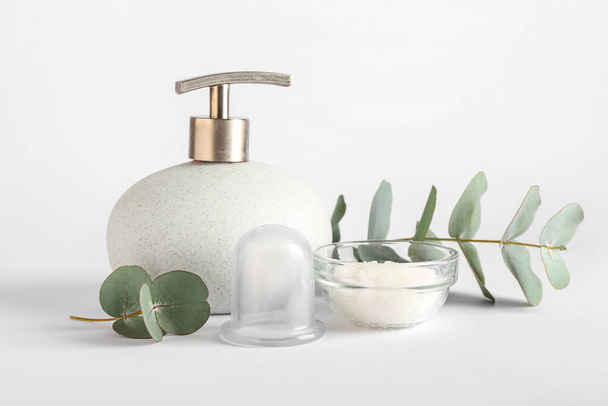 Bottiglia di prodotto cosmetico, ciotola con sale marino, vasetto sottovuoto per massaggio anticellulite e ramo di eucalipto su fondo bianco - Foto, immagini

==

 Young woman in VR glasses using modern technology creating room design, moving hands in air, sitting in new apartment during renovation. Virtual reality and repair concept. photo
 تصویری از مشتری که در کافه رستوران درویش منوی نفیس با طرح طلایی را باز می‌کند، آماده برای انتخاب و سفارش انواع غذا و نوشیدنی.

What to do ▸ Would you copy out exactly the lines above that start at the one containing "Young woman in" and end at the one containing "تصویری از مشتری", inclusive?

Response box ▸
 Young woman in VR glasses using modern technology creating room design, moving hands in air, sitting in new apartment during renovation. Virtual reality and repair concept. photo
 تصویری از مشتری که در کافه رستوران درویش منوی نفیس با طرح طلایی را باز می‌کند، آماده برای انتخاب و سفارش انواع غذا و نوشیدنی.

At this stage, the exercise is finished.